Doctors not happy with their EHR were significantly more likely to be pessimistic.
The study authors warned that pessimistic providers are also cool to the idea of value-based payment models. Most pessimistic physicians don't plan to transition to global or bundled payments and are also less likely to want to change care delivery. Nearly half of those physicians said they're not expanding the role of non-physicians to deliver care. Only about one-quarter of optimistic doctors were resistant to the change.
The study authors suggested some ways to reverse pessimism, including strengthening organizations (such as dissatisfied solo practitioners merging with small group practices) and improving EHRs, so they're more user-friendly and fit into a doctor's daily workflow.

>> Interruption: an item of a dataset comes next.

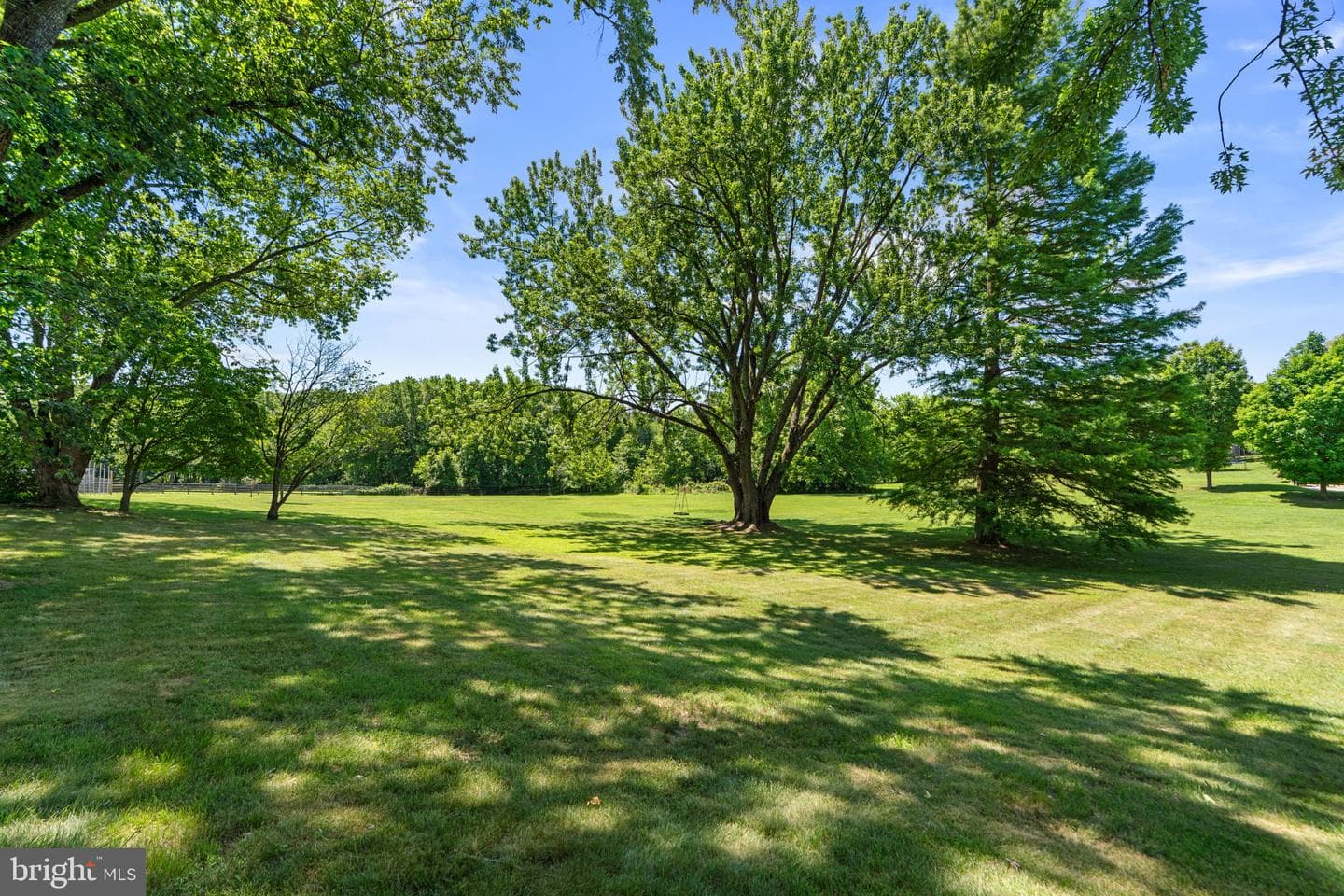 18015 Muncaster Road photo 82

They also suggested that policymakers and stakeholders must keep in mind how value-based payments may affect physician satisfaction. "Empowering a variety of physicians to help shape new programs and initiatives may help to improve physician satisfaction, thereby hastening the move toward value," they wrote.
The results are the latest to show morale issues for physicians. A recent study by JAMA found that physician burnout starts as early as medical school and residency.
A recent Doctors Company National Survey of Physicians found that seven out of 10 doctors wouldn't recommend healthcare as a profession. Respondents to that survey blamed EHRs and regulations for causing burnout. That survey also found little interest in bundled payment programs.
The recent Medical Group Management Association 2018 Regulatory Burden Survey also cited concerns about regulations and EHRs. That survey found that 86% of 426 medical group practices surveyed said regulatory burdens increased for their medical practice over the past year. The MGMA survey respondents also said Medicare and Medicaid value-based programs increased regulations. More than three-quarters added that those value-based payment initiatives didn't improve quality of care.
All of these studies point to not just physician wellness and quality of care problems, but burnout also costing health systems and hospitals as much as $1.7 billion a year. This problem goes beyond morale and patient safety. It can also hurt a hospital's bottom line.